Am Ende der Beweisaufnahme blieben nach den Zeugenaussagen 2 sexuelle Übergriffe auf weibliche Behinderte übrig.

Staatsanwältin Maria Linthen forderte für die beiden Taten eine Gesamtfreiheitsstrafe von 1 Jahr, welche für den nicht vorbestraften Angeklagten zur Bewährung ausgesetzt werden sollte. Weiterhin beantragte sie, ein Berufsverbot gegen den Angeklagten zu verhängen, ihn 200 Sozialstunden ableisten zu lassen und ihn einem Bewährungshelfer zu unterstellen.

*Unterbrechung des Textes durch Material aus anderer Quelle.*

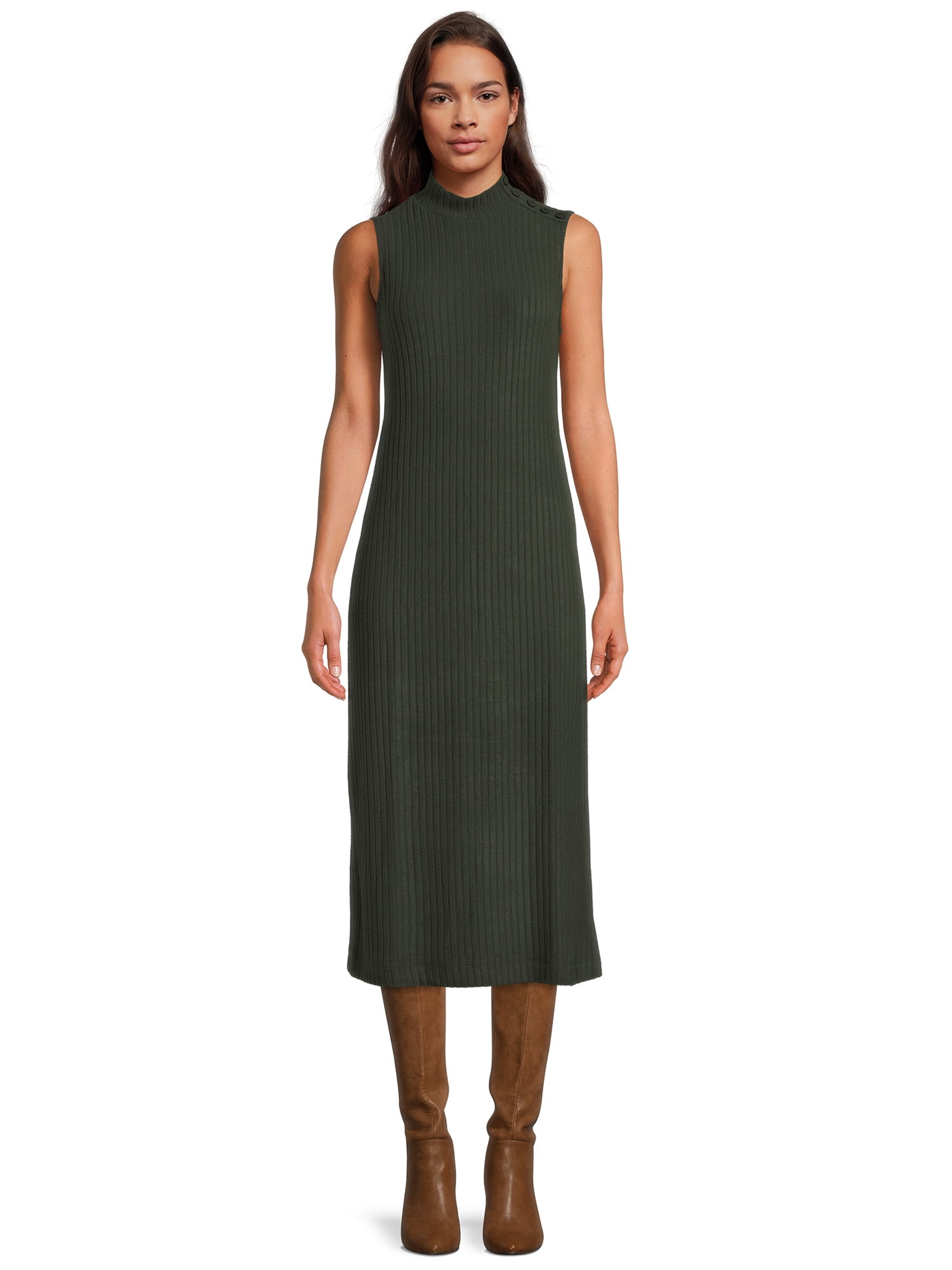 Time and Tru Women's Sleeveless Rib Knit Dress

Verteidiger beantragte Freispruch

Rechtsanwalt Marcus Doll appellierte an das Schöffengericht, bei der Urteilsfindung Augenmaß zu bewahren, die Beweismittel und die Glaubwürdigkeit entsprechend zu würdigen, zumal auch die Vorwürfe nicht zeitnah an die Heimleitung gemeldet wurden. Er sah vielmehr bei einer Zeugin aufgrund von Meinungsverschiedenheiten deren Ziel, den Rauswurf seines Mandanten mit einem bunten Strauß von Vorwürfen zu erreichen. Er plädierte auf Freispruch für den Angeklagten.

Das Urteil des Schöffengerichtes nach einer teilweise „turbulenten Hauptverhandlung“ verkündete dann Richter Johannes Kimmeskamp : Wegen sexuellem Missbrauch von Schutzbefohlenen in 2 Fällen wurde der Angeklagte zu einer Gesamt-Freiheitsstrafe von 10 Monaten verurteilt, die für 2 Jahre zur Bewährung ausgesetzt wird. Das Gericht verhängte kein Berufsverbot gegen den Angeklagten.

In seiner Urteilsbegründung führte Richter Kimmeskamp aus, dass der Angeklagte sich eine „spaßige Handlungsweise“ angewöhnt hatte, die grenzüberschreitend und somit nicht akzeptabel ist. Gegen das Urteil kann innerhalb von einer Woche Rechtsmittel eingelegt werden.